You can try to resist the list, but it’s part of being in the blog family:
(Here’s the link for those who can’t see Michael C.).
Here are my Top 10 trends for 2011, a look at the legal space from the inside out. The first five today relate to the large client, large law firm sector of the industry. We call this the legal military-industrial complex. Tomorrow, five more trends that break out of the white-shoe orbit, perhaps showing that there’s even less normal about the new than some think. Which is a good thing! This is all in fun, it’s the holidays, and your mileage may vary:
1. Value Hits a Wall. Not “the” wall, “a” wall. Value is good, value is important; a renewed focus on value helps drive change. But let’s be honest: some law firms practice denial by carefully pouring old service model wine in shiny new bottles with a “Value!” sticker slapped on the label. There is no line item in a GC’s budget for this “value premium.” Clients expect it from good law firms. It’s not a real differentiator for 80% of legal work. Which leads to pricing.

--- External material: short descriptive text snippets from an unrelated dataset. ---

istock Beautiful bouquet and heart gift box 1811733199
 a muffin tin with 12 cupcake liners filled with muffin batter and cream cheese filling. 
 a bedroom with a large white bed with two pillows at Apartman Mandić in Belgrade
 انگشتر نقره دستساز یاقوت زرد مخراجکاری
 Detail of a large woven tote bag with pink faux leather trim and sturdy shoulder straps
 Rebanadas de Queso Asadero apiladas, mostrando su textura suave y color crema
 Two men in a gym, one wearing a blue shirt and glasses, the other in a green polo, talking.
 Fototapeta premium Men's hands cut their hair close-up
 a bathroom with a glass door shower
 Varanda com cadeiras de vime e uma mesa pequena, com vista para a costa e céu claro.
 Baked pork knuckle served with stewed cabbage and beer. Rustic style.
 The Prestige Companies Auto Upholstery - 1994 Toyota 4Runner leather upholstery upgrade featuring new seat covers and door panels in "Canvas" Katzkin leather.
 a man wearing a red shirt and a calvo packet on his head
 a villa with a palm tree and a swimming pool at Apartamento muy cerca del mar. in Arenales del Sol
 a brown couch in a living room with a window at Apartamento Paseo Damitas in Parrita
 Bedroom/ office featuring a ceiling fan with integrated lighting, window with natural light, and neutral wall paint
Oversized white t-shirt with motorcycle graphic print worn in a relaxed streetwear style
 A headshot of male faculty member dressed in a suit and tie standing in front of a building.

2. Alternative Fees, Good; Lower Costs, Better. General Motors emerged from its “quick rinse” Chapter 11 filing in 44 days. This is much quicker than the typical first iteration on an RFP-driven, multiple version Alternative Fee Arrangement negotiation. Law firms can’t internally support leaving money on the table; smart GCs know this so they have to scrutinize increasingly exotic proposals to find the “gotcha!” Meanwhile, other GCs decide that a lot of work can go to firms in lower cost cities that provide clear budgets and utilize lower effective rates. When you go from $550 to $375 per hour, now that’s alternative billing you can believe in! Which brings us to the gambit formerly known as convergence.
3. Convergence is Dead (As We Knew It). Ah, the concept was great for the GC: take your work to the legal Shangri-La called One Stop Shopping. The funny thing is after about a year in this jurisdiction you feel like One Shop Stopping. Consolidating work in one firm can be shrewd for common matters (e.g., liability litigation) or out of necessity (think international for many US clients). But true convergence was based upon the assumption that law firms were better at managing legal matters than their clients. Which was a real leap of faith that gave birth to a new legal trinity.
4. Project Management! Lean!! Six Freakin’ Sigma!!! When law firms start using these terms profusely it means (a) change is really here or (b) GCs should start adding a wallet chain to their attire. In-house lawyers know that their companies are built upon groups of projects aligned in a strategic direction. GCs know that law firms are enterprises built upon charging out many people on more matters at increasing rates. Most large law firms can’t really turbocharge service delivery when they buggy-whip their same economic model. Some in the industry even call for certifications in these areas, as if layering on more bureaucracy or CLE will solve things. Meanwhile, good partners with great clients are making a list and checking it twice, wondering if they will have to leave their firms before their clients do. Which (you guessed it) leads to number 5.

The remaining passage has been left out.